Exercise input:
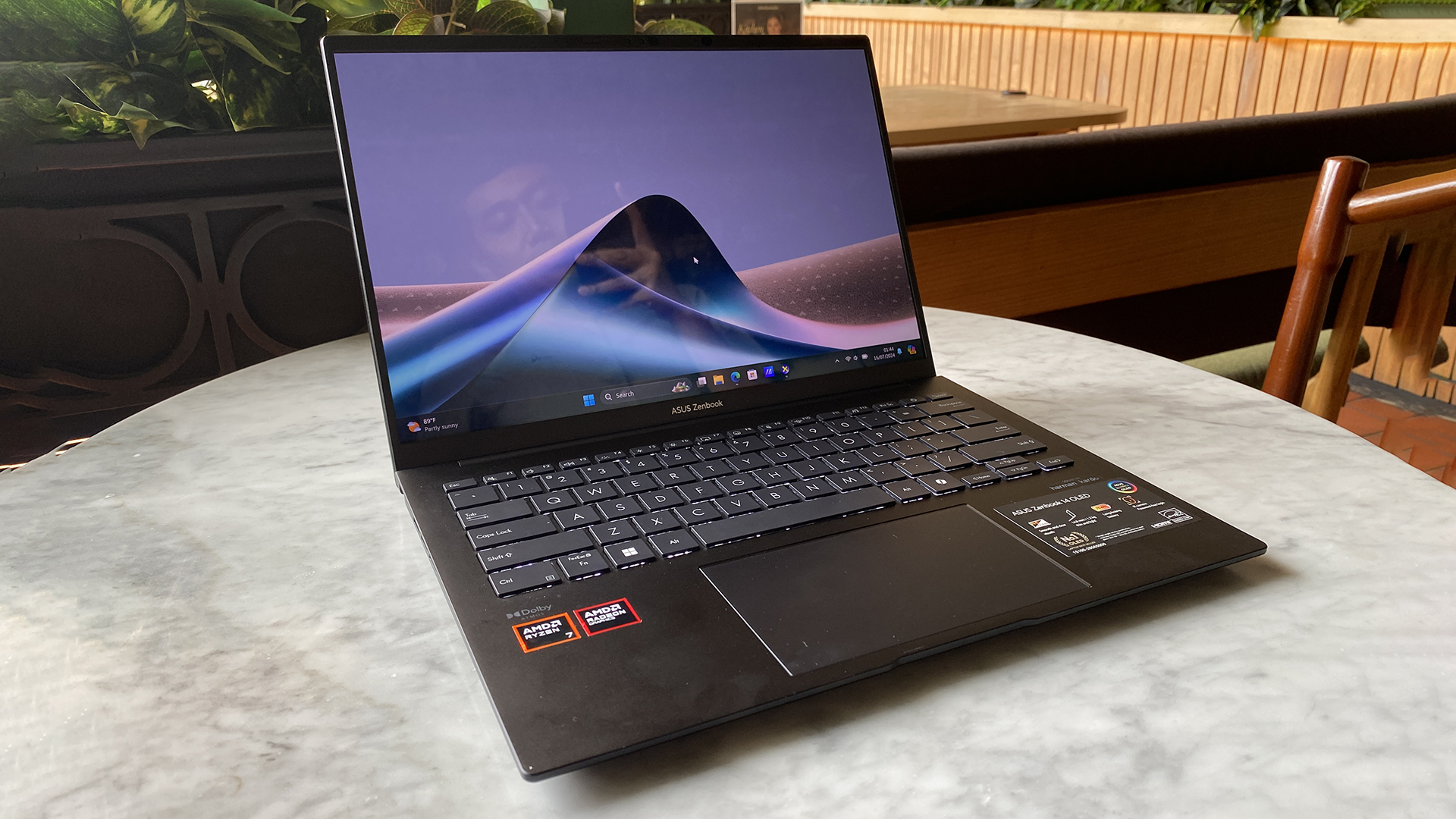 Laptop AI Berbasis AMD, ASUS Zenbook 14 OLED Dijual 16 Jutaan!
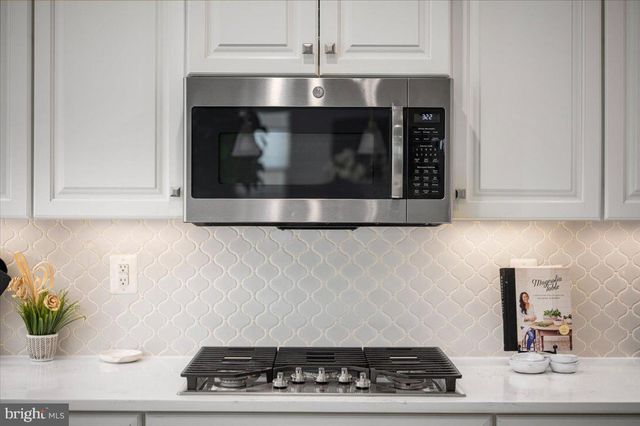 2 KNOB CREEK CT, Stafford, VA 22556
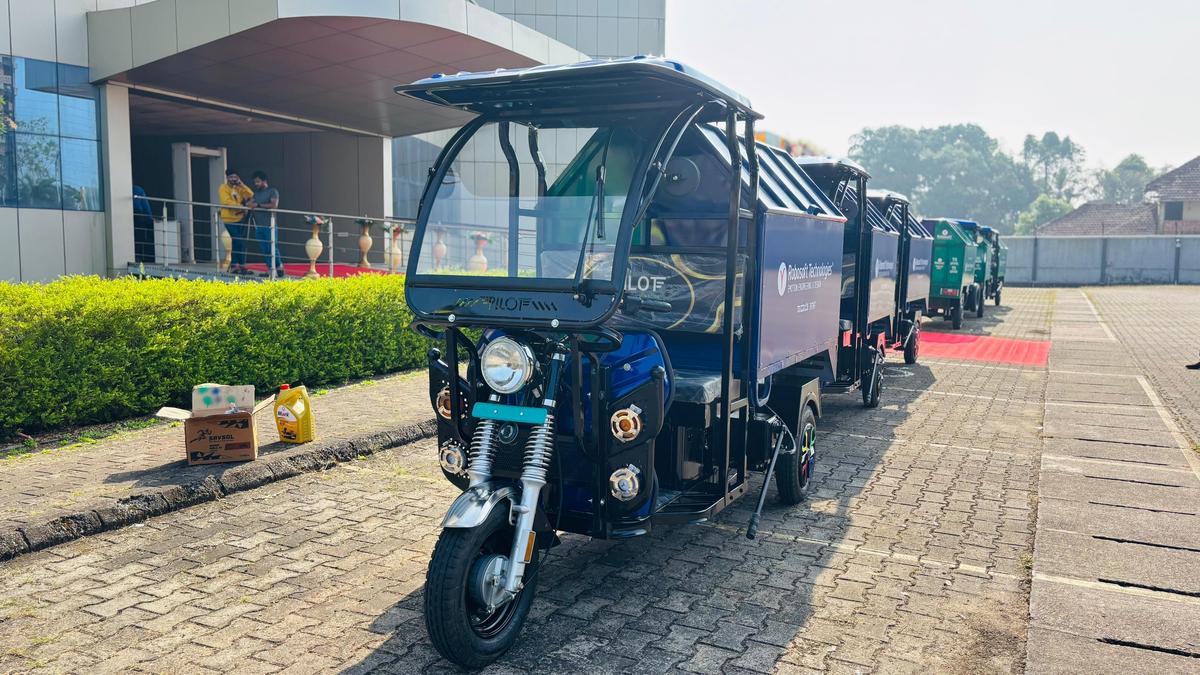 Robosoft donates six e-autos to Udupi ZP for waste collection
--
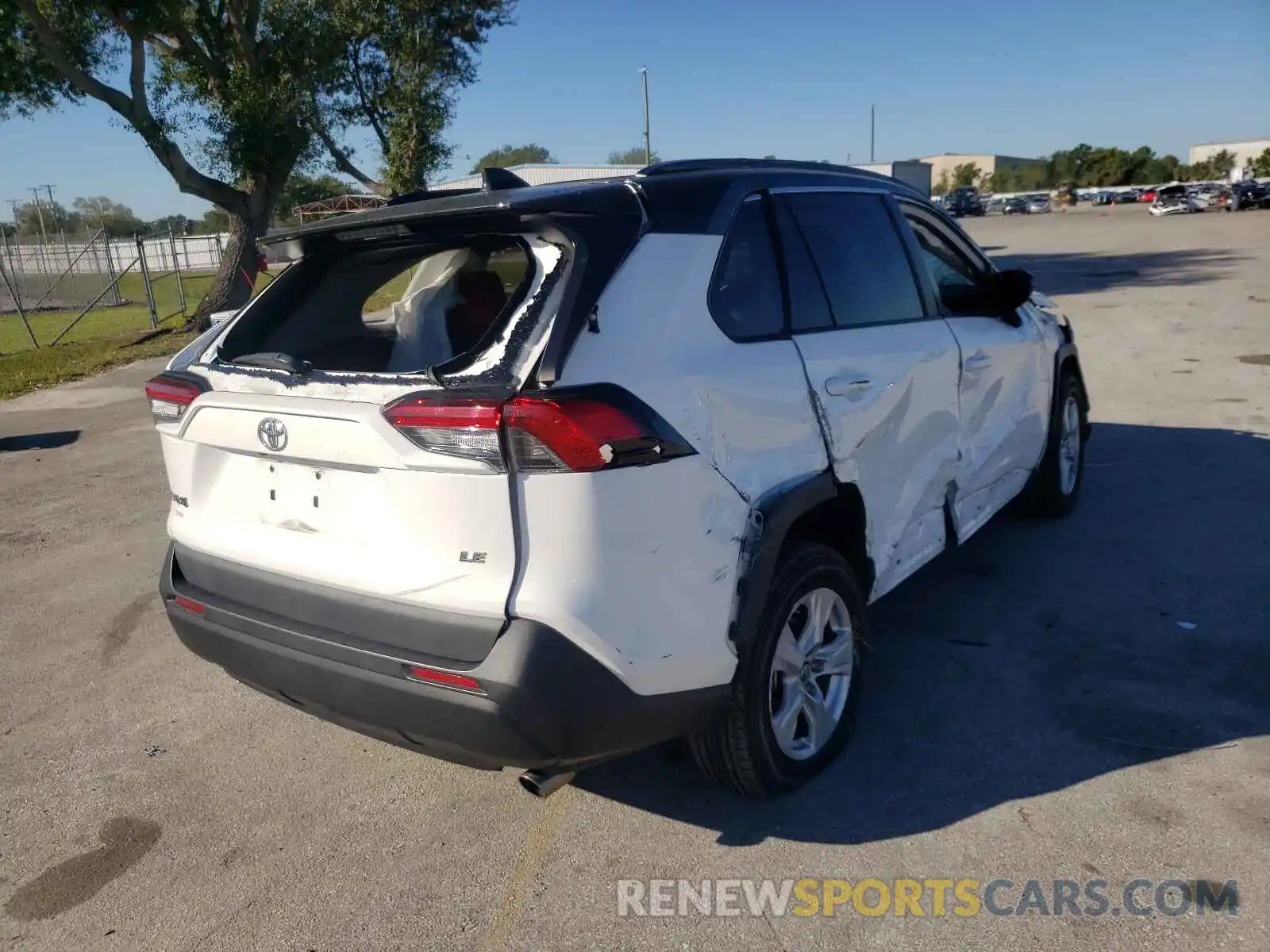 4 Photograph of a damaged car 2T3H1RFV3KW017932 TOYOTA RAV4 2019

Task to complete:
"Laptop AI Berbasis" marks the first line to copy, and "Robosoft donates six" marks the last. Repeat that stretch above exactly, with no pictures.

Exercise result:
 Laptop AI Berbasis AMD, ASUS Zenbook 14 OLED Dijual 16 Jutaan!
 2 KNOB CREEK CT, Stafford, VA 22556
 Robosoft donates six e-autos to Udupi ZP for waste collection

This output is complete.